12-Step Program for People Who Make Eye Contact and Immediately Regret It
Step 1:
Admit that you have a devastating inner monologue.
(It’s not a flaw—it’s just… very active.)
Step 2:
Overanalyze every social interaction until it becomes performance art.
Even the cashier saying “Have a good one” becomes a 10-minute internal debate: Did they mean “day” or “life”?

Step 3:
Repeat Step 2—but in the shower, at 11 p.m., while blinking into the void.
Step 4:
Pause for a brief existential spiral.
Then Google “How to be chill without becoming emotionally unavailable.”
Step 5:
Learn that breathing is a thing you’ve been doing wrong this whole time.
Try box breathing. Forget the box. Panic briefly.
Step 6:
Attempt meditation.
Get personally offended by your own thoughts.
Step 7:
Try to be more “present.”
Realize that presence is full of weird sounds, creaky joints, and the persistent feeling that crows are watching you.
Step 8:
Laugh at your own absurdity.
This step is crucial.
It interrupts the spiral with something softer.
Step 9:
Name your anxiety like a weird pet.
“Thanks for the input, Captain Catastrophe, but I’m just ordering coffee.”
Step 10:
Turn down the volume on your inner critic.

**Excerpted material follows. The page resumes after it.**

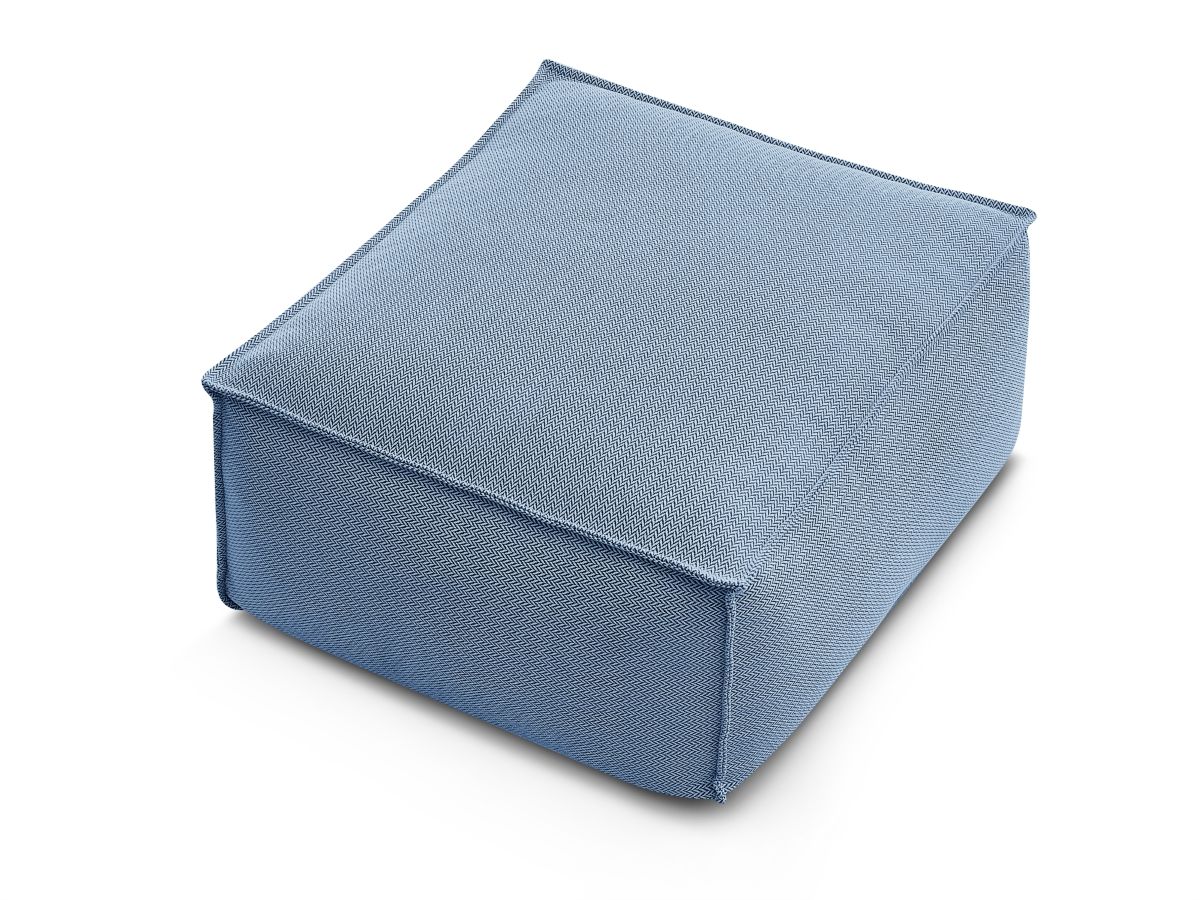 Bobochic Biarritz Pouf Melange-Stoff Blau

Not with force—just with kindness.
Picture them holding a kazoo. It helps.
Step 11:
Find one small ritual that soothes your mind.
Tea. Stretching. Looking at clouds until they look back.
Step 12:
Know this:
You are not broken.
You are a sensitive antenna in a world full of noise.
You are not alone.
You’re just tuned in a little too well.
Final Thoughts:
Overthinking is not a character flaw.
It’s a survival skill turned up too high.
You don’t need to silence your thoughts—just hold them with more compassion.